(Input records)

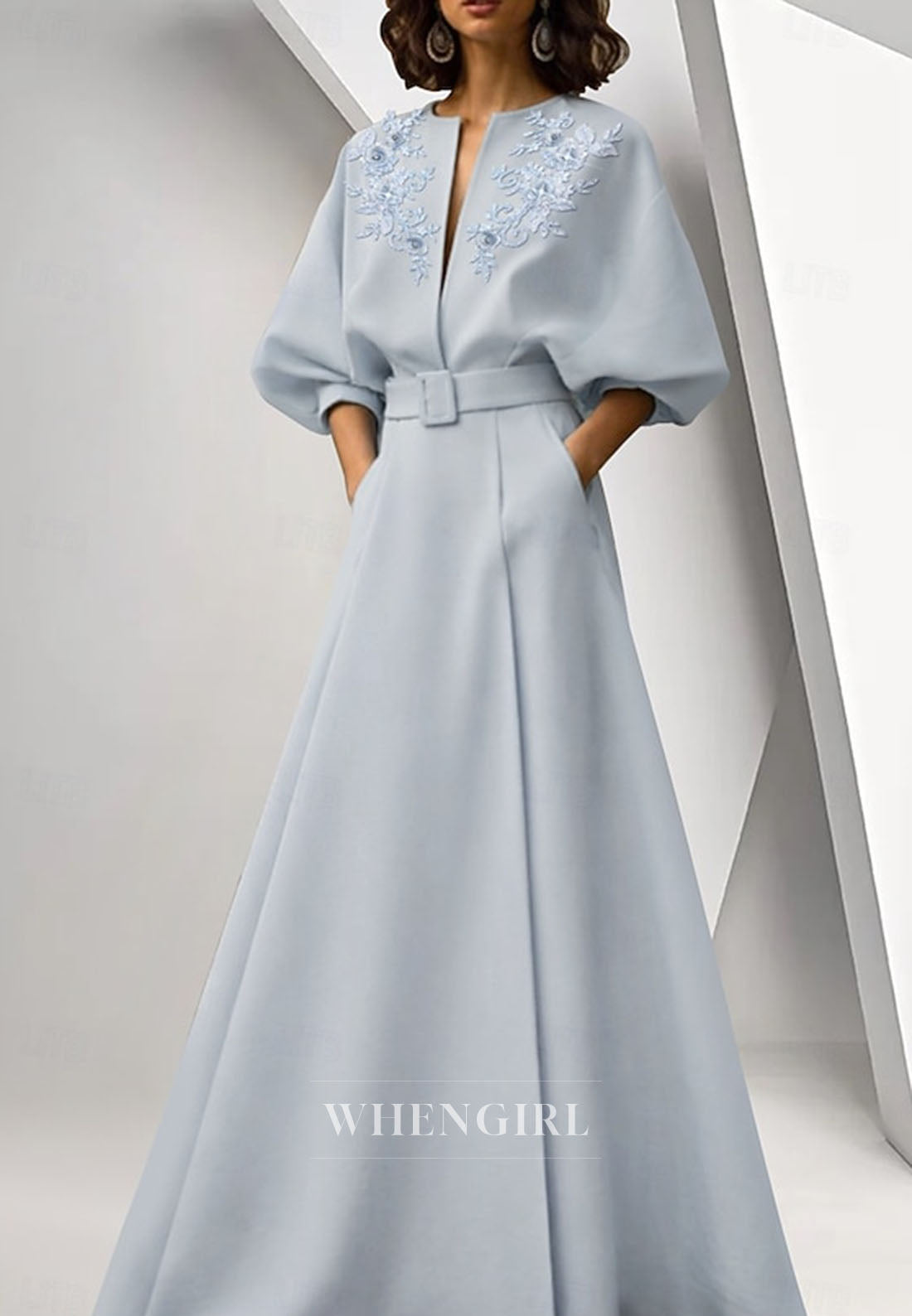 A-Line Puff Sleeves Embroidery Mother of the Bride Dress with Pockets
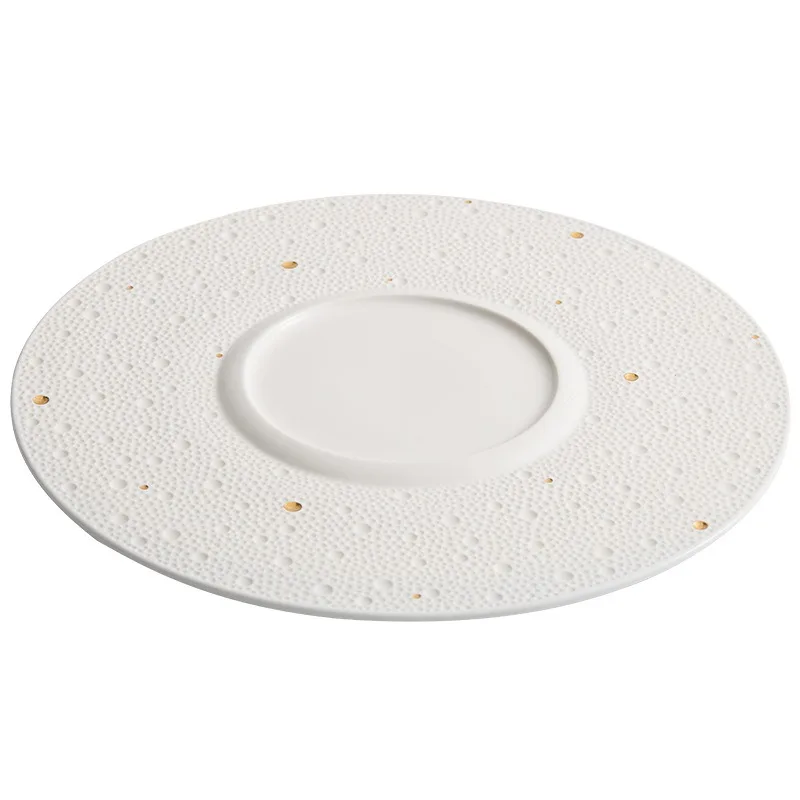 

Bead Dot Top Plate Premium Hotel Restaurant Cuisine Plate Ceramic Steak Pasta Plate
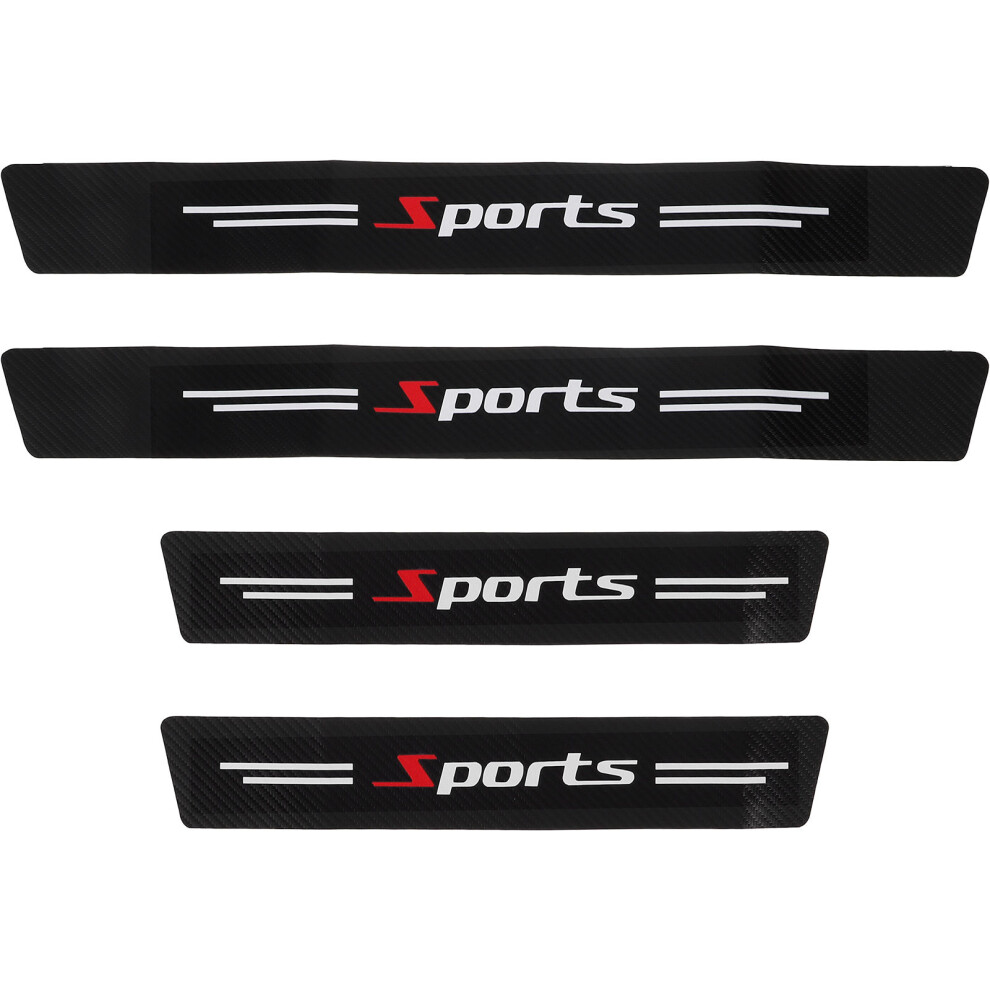4Pcs Universal Car Door Sill Protector Carbon Fiber Anti Scratch Strips 3361301071517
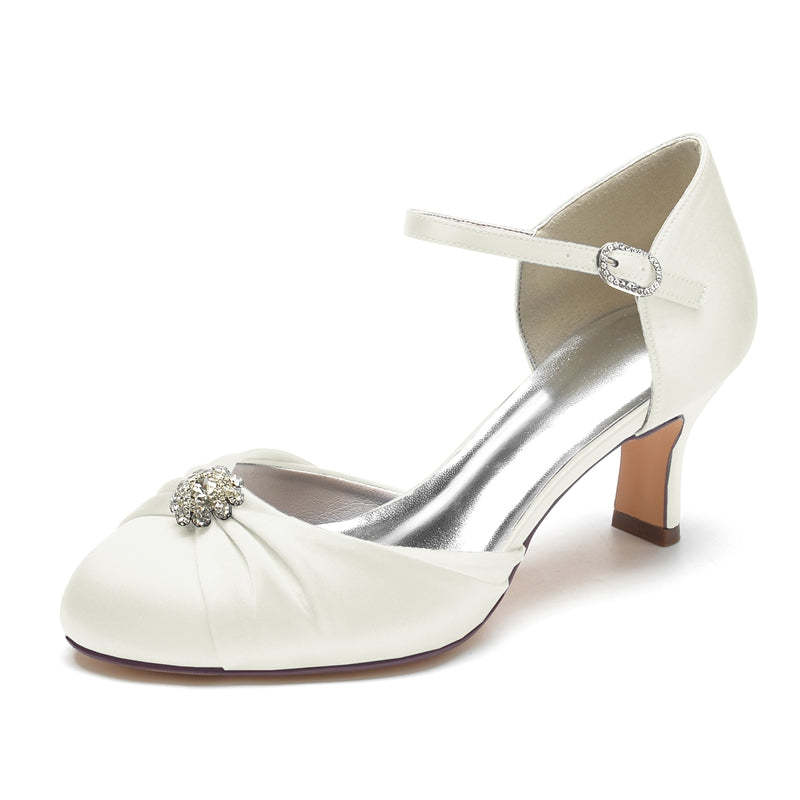 Bridal Shoes for Women with Buckle Rhinestone & Ruffles - Closed Toe Mid Heel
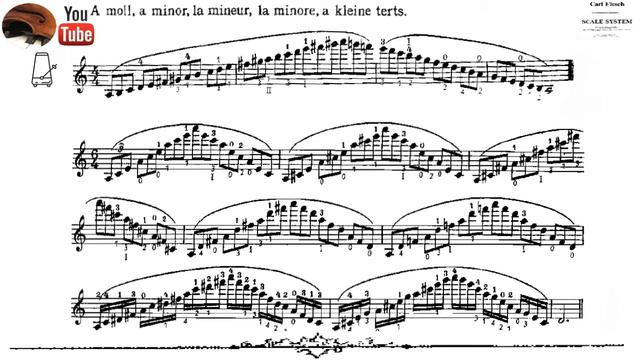 Carl Flesch Violín Scales In A Minor | Whit Piano Accompanist, Adaptive Intonation | All Instrument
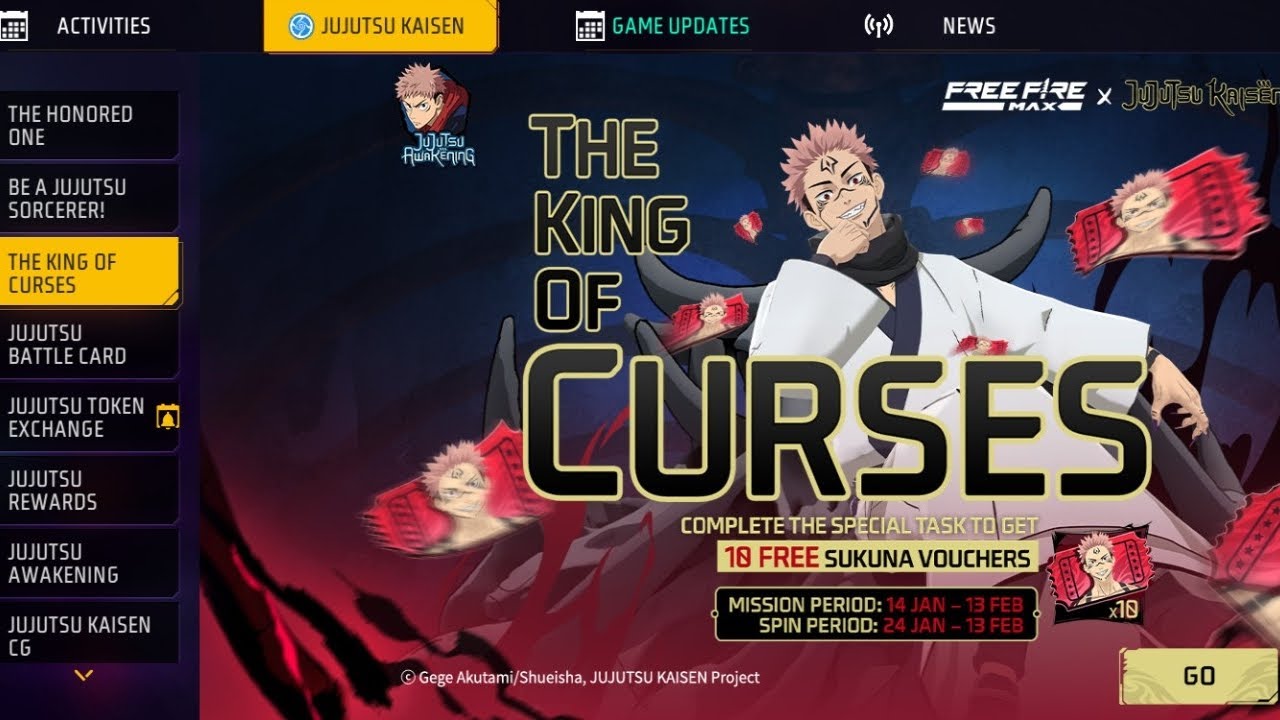😱King of Curses ryomen sukuna bundle in🧐 Free 😱 fire | harsh gaming 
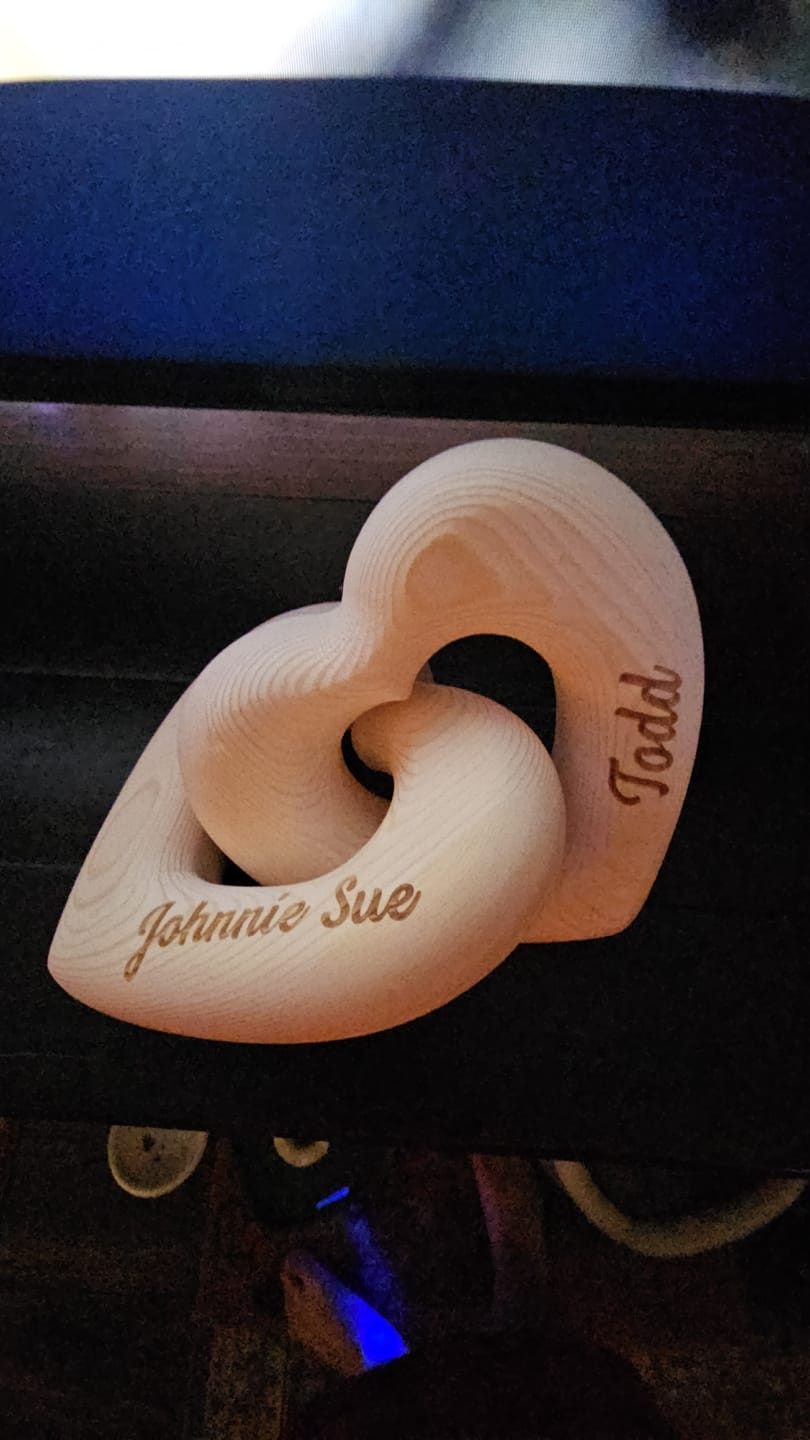 Customer photo review of Romantic Couple - Personalized Infinity Heart Sculpture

(End Input records)

▶ [Exercise]:
With the pictures left out, give again exactly the lines from the one with "4Pcs Universal Car" through the end of the data, both included.

▶ [Exercise response]:
4Pcs Universal Car Door Sill Protector Carbon Fiber Anti Scratch Strips 3361301071517
 Bridal Shoes for Women with Buckle Rhinestone & Ruffles - Closed Toe Mid Heel
 Carl Flesch Violín Scales In A Minor | Whit Piano Accompanist, Adaptive Intonation | All Instrument
😱King of Curses ryomen sukuna bundle in🧐 Free 😱 fire | harsh gaming 
 Customer photo review of Romantic Couple - Personalized Infinity Heart Sculpture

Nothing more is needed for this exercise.